Greffier lors des débats : Mme HOUSER
ARRET :
– contradictoire
– prononcé publiquement par mise à disposition de l’arrêt au greffe de la cour, les parties en ayant été préalablement avisées dans les conditions prévues au deuxième alinéa de l’article 450 du code de procédure civile.
– signé par Mme Annie MARTINO, président et Mme Anne HOUSER, greffier, auquel la minute de la décision a été remise par le magistrat signataire.
*****
FAITS CONSTANTS ET PROCEDURE
Selon offre de contrat de crédit renouvelable « passeport crédit » acceptée le 27 mai 2016, la Caisse de crédit mutuel Mulhouse porte Ouest (ci-avant dénommée la banque) a consenti, à Monsieur [O] [R] et à Madame [S] [F] , qui se sont engagés solidairement, un prêt renouvelable d’un montant de 28 000 euros pour une durée renouvelable de un an, remboursable pour chaque utilisation en fonction du montant de l’utilisation et de la durée de remboursement choisi, le taux d’intérêt étant variable en fonction de la destination des fonds.
Les emprunteurs ont sollicité le déblocage du prêt pour un montant de 28 000 euros et les fonds prêtés ont crédité le compte bancaire des emprunteurs le 4 juin 2016.
Le même jour, les emprunteurs ont signé un document précisant que le prêt de 28 000 euros était remboursable pour une durée de soixante mois, moyennant le paiement de mensualités d’un montant
de 571,77 euros l’une au taux débiteur fixe de 5,90 %, pour un coût total de 6 310,19 euros.

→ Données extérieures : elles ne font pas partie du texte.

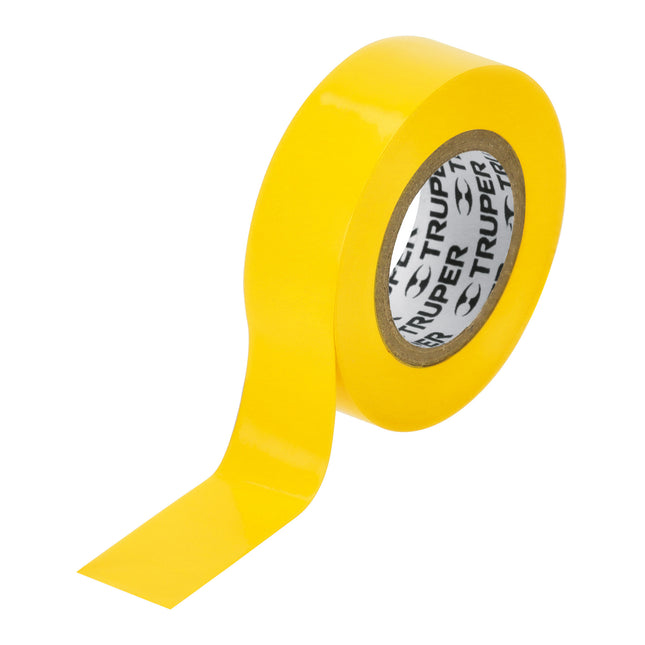 Cinta de aislar de 9 m x 19 mm, amarilla, Truper (M-22A)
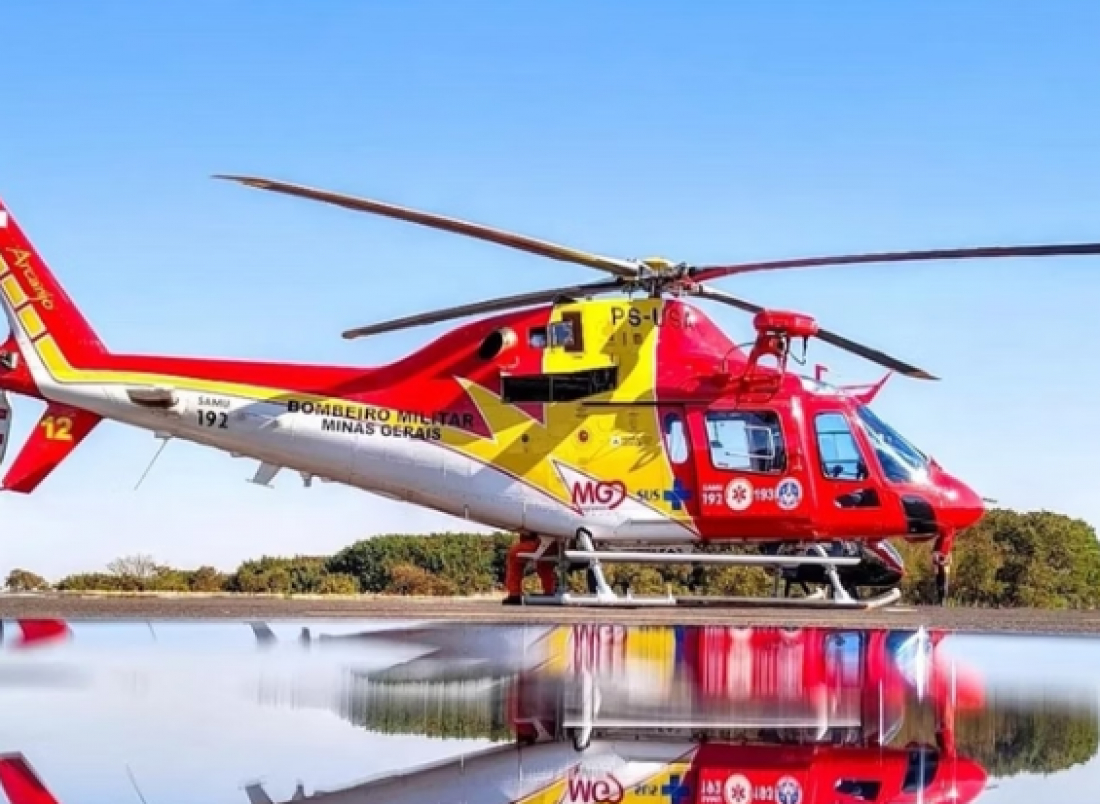 Helicóptero do Corpo de Bombeiros cai e deixa 6 mortos em Minas Gerais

Madame [S] [F] a saisi la commission de surendettement des particuliers du Haut-Rhin le 15 mars 2017. Par décision en date du 11 mai 2017, cette commission a déclaré cette demande recevable puis elle a élaboré un projet de plan conventionnel de redressement auquel a acquiescé la banque le 27 juin 2017, qui prévoyait un premier palier de remboursement d’une durée de huit mois avec une mensualité de remboursement de 14,64 euros par mois et un deuxième palier d’une durée de soixante-quatorze mois avec une échéance de remboursement mensuel de 319,63 euros.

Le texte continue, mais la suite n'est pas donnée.